Breaking News

26 January, 2012

Cinta...Oh...Cinta ( chapter 3 )


Keesokan harinya Ririn duduk di depan meja rias sambil menyisir rambutnya sehabis mandi pagi, sedang Hasan sudah berpakaian rapi hendak berangkat kantor.
" Rin... apa pendapat kamu ? Kenapa dari semalam kamu diam saja ? " ucap Hasan menyentakkan Ririn
" Aku harus bilang apa ? Apa yang Ayah harapkan dari Aku ? Apakah Ayah ingin aku loncat - loncat kegirangan setelah mendengar Ayah akan menikah lagi dengan seorang perempuan yang mencuri suamiku ? " Ririn mulai menemukan kekuatannya. Perlawanannya timbul.
" Jangan bicara begitu , Masa kamu pakai istilah ' Mencuri ' ? " ucap Hasan
" Lho , apa namanya ? Permpuan itu diam - diam datang, curhat ini itu ke Ayah, lalu Ayah bersimpati dan tanpa sadar mulai berniat menikahi dia ?
Sudah berbulan - bulan bukan ? Tanpa aku sadari sama sekali....bukankah itu ' Mencuri ' namanya ? " jawab Ririn
" Tapi aku akan tetap bersama kamu dan anak - anak. Aku mencintai kamu dan anak - anak " bujuk Hasan
" Ya Alloh...inikah cara seorang suami yang sayang istri dan anak - anaknya ?? " tak sadarkah apa yang dia lakukan beberapa bulan ini telah melukai hati dan perasaan orang - orang yang dicintainya itu, mengapa dengan teganya dia menyediakan dirinya untuk " di curi " oleh perempuan yang bernama Lusi.
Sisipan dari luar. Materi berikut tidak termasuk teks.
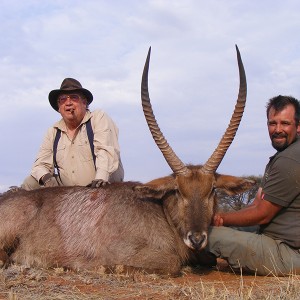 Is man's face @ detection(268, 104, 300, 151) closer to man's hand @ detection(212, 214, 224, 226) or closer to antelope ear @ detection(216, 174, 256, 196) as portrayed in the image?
antelope ear @ detection(216, 174, 256, 196)

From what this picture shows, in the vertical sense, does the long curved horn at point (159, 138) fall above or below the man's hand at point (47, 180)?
above

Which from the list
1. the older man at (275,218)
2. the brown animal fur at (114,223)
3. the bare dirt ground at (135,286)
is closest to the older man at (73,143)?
the brown animal fur at (114,223)

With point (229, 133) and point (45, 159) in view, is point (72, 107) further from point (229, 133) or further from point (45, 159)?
point (229, 133)

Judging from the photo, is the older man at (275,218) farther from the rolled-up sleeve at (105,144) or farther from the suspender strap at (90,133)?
the suspender strap at (90,133)

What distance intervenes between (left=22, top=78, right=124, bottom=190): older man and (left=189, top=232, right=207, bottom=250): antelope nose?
2.43 metres

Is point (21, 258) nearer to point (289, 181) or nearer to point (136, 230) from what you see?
point (136, 230)

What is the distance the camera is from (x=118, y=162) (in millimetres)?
8344

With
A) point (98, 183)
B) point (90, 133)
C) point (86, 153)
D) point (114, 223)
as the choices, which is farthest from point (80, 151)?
point (114, 223)

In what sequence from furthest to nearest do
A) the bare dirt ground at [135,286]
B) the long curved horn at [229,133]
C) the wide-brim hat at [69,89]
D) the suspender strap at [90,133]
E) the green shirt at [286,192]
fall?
the wide-brim hat at [69,89]
the suspender strap at [90,133]
the long curved horn at [229,133]
the green shirt at [286,192]
the bare dirt ground at [135,286]

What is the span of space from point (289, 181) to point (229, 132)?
0.95 m

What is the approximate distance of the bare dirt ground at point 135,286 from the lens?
198 inches

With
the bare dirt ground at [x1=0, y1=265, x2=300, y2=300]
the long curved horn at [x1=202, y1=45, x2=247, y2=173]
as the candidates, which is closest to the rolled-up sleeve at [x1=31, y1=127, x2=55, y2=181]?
the bare dirt ground at [x1=0, y1=265, x2=300, y2=300]

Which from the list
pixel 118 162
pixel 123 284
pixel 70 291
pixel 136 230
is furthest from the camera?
pixel 118 162

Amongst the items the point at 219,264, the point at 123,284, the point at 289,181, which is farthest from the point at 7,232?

Hasan semakin tampak gelisah. Dia dekati Ririn kemudian dia genggam kedua jemari istrinya itu dan berkata " Aku tahu kamu pasti akan sedih, tapi janganlah bersedih...Aku tetap menyayangi kamu, Tidak ada yang bisa menggantikan kamu dihatiku karena kau adalah ibu dari anak - anakku...tapi aku benar - benar sudah memikirkan ini baik - baik...aku akan menikahi Lusi, bukankah Islam mengizinkan seorang suami memiliki istri sampai dengan empat, bukan ????"
Ririn merasa lunglai...seperti mimpi dia mulai bangkit dari duduknya dan berjalan mendekati tempat tidur, dia sandarkan tubuhnya di atas tempat tidur itu .
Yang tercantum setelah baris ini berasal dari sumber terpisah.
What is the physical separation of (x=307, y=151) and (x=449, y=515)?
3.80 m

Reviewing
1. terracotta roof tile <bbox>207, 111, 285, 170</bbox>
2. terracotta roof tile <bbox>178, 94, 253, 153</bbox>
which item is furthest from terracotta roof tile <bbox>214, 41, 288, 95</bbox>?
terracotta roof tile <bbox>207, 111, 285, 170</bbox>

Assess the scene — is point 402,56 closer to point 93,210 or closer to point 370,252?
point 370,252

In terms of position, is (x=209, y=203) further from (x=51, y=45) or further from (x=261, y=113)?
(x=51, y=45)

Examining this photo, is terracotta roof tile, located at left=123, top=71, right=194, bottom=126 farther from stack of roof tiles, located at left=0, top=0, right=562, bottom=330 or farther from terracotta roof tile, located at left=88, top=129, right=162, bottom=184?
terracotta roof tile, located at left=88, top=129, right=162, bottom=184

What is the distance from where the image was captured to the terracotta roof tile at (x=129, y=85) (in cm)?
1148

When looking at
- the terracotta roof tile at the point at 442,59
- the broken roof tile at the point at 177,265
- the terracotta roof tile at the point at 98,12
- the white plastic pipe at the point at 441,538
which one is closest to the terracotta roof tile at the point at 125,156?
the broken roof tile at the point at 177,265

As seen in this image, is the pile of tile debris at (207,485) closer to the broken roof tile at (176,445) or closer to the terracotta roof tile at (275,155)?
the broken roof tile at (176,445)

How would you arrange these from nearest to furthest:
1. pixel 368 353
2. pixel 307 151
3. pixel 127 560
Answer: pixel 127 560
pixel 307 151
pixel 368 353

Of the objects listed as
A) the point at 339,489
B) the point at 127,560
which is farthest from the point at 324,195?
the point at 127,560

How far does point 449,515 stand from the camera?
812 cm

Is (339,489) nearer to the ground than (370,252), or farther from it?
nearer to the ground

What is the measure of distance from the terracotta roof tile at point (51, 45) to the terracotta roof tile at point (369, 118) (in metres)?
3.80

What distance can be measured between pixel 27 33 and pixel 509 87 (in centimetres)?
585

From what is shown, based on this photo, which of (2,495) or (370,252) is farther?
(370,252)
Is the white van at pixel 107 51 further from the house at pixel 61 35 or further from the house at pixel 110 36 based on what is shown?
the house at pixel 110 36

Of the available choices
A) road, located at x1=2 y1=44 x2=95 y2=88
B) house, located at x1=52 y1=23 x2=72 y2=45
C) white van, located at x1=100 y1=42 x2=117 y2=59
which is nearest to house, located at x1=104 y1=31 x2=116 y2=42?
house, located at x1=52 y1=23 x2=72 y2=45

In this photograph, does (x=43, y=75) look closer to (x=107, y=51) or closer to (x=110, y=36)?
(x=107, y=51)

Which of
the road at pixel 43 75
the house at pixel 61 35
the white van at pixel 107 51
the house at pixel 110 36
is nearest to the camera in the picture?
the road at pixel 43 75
" Sudah memikirkan ini baik - baik ? Sudah berapa lama, Yah ? tanya Ririn
" Sekitar 6 minggu belakangan ini " jawab Hasan
" Dan selama 4 bulan ayah berhubungan dengan dia , sejauh apa, Yah ? Apa saja yang kalian lakukan ?
" Apa maksud kamu ? " Hasan mulai menaikkan suaranya.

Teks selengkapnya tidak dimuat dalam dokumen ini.